TASK TO COMPLETE:
Transcribe each record exactly, but omit pictures.

DATA EXCERPTS:
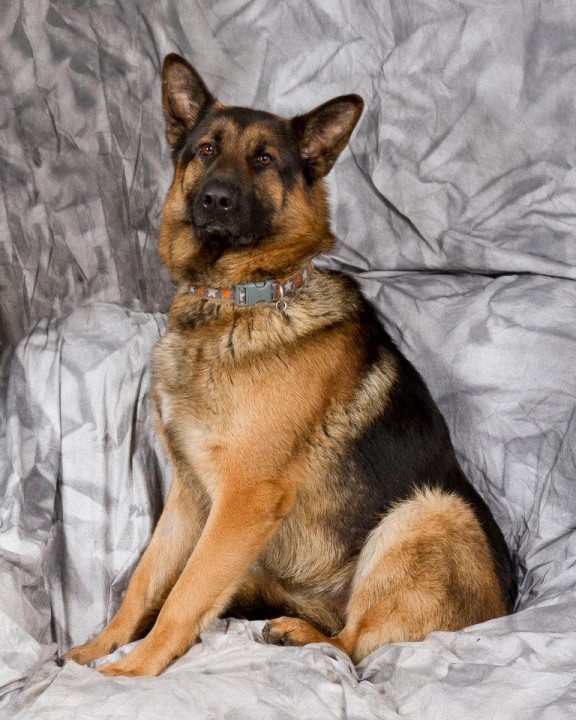 Max - 2 year old male German Shepherd Dog available for adoption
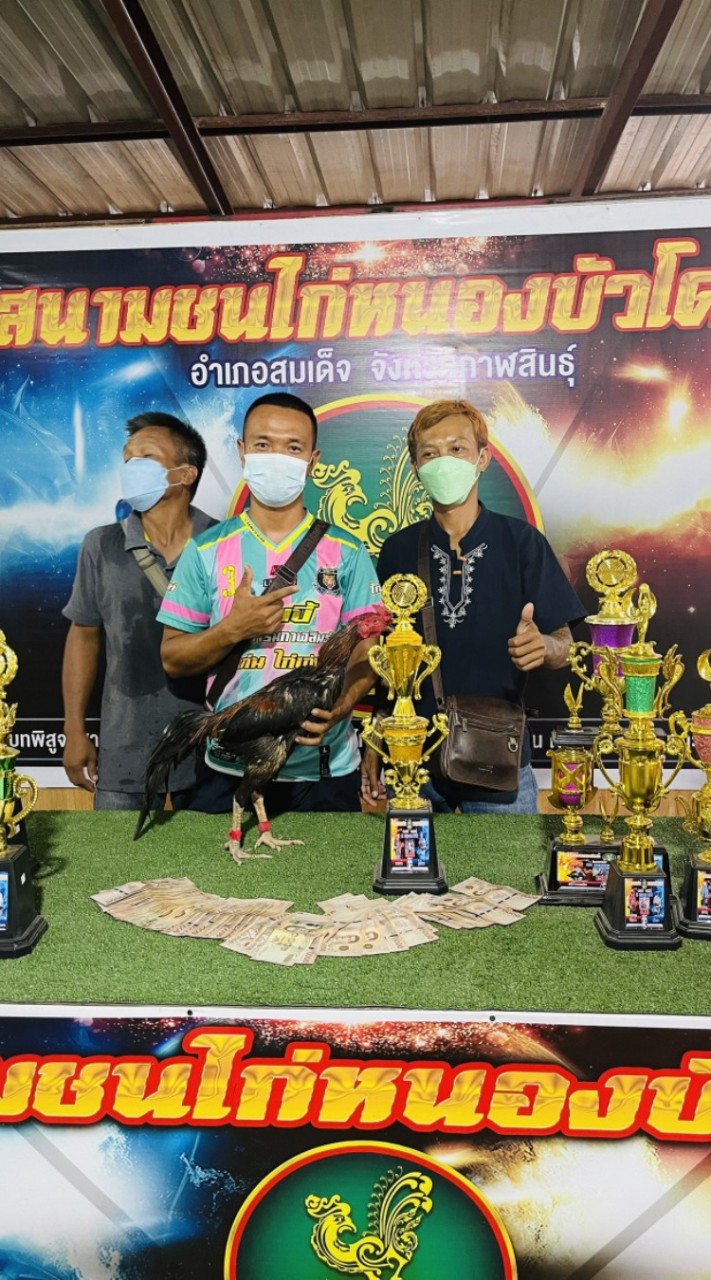 บ้านสวนพารวย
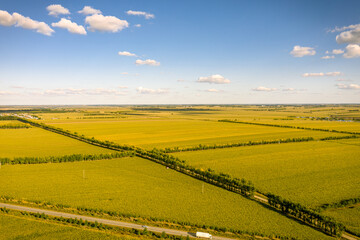 Autumn Harvest Golden Farmland Aerial Photography in Nenjiang City, Heilongjiang Province
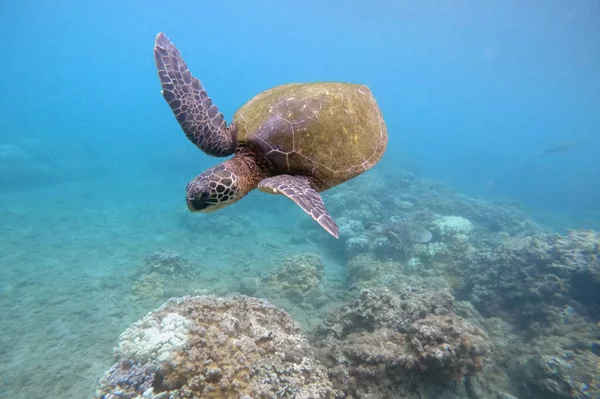 Tortuga Verde Sobre Arrecife Coral Fotografía Submarina Hawaii — Foto de Stock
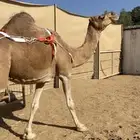 خلفة ساحلية منيحة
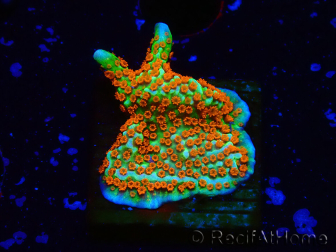 WYSIWYG Montipora Fire Forest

OUTPUT FOR THIS TASK:
 Max - 2 year old male German Shepherd Dog available for adoption
 บ้านสวนพารวย
 Autumn Harvest Golden Farmland Aerial Photography in Nenjiang City, Heilongjiang Province
 Tortuga Verde Sobre Arrecife Coral Fotografía Submarina Hawaii — Foto de Stock
 خلفة ساحلية منيحة
 WYSIWYG Montipora Fire Forest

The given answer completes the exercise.